For a while now, I’ve been thinking about how long the press can continue in its current form; not just with the takeover of printed media by online, but in the whole area of traditional journalism. In times gone by, the journalistic right to privilege was very tightly bound to the media group that they were representing. In some areas where you might least expect it (the NoW’s phone tapping case, for example), this is still the case, and we see charges levied against the business rather than the writer. But these times will soon be behind us, and the concept of journalistic privilege, where conversations can be off the record, where confidential anonymity can be protected, and where journalistic opinion is protected by the publisher, will no longer exist. Some of this is a good thing. The media in this country has long been dominated by some pretty extreme views, which might purport to represent the readership, but do far more to influence it politically. And in an age where the internet allows individuals to be, well, individuals, then it’s absolutely appropriate that people can source their own news sources, mixing, for example, the relative independence of the BBC with their favourite blogs, or what’s trending on Twitter. All of which, I think in general is a good thing.

Which brings me back to the weekend, where I was listening to a very worthy legal expert describing the Criminal Justice view on following up on ‘name & shame’ Twitter Tweets. In the unlikely event that you’ve missed this, the idea is that a celebrity takes out a ‘superinjunction’ to suppress any mention of their name with a gossip story, lest it damages their reputation. And when there’s a threat that it might leak, through the crowd-power that is Twitter, they look to take the information’s source to court. Anyway, this chap was justifying the action against Twitter by using a rather charming analogy.

“Let’s just say that we were receiving abusive mail from a PO Box*”, he said, “We’d be completely within our rights to ask the post office to name the sender”

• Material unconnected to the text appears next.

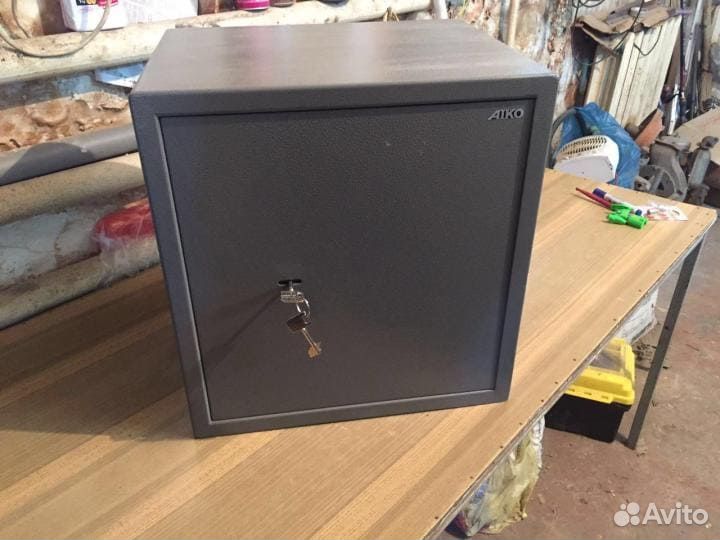 Сейф для дома и офиса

The problem is, that this is so far and away the wrong analogy to use, that I do wonder where such people have been for the last ten years. Sending a Tweet is not the same as sending a letter. At All. If you wanted to use a more appropriate analogy, think about the way that rumours used to spread around – one person would tell somebody something in a pub, that person would tell someone at work, and before you knew it, the next week it was being relayed back to you, often with lots of embellishment. Well, that’s kind of how social media like Twitter works.

And only a completely out of touch dimwit would try to sue the equivalent of chatter in a public bar, showing themselves to be so far out of touch with reality (and indeed, their own importance) that they’d be made a laughing stock.

And that’s why I was keen to find out who it was. And now I do.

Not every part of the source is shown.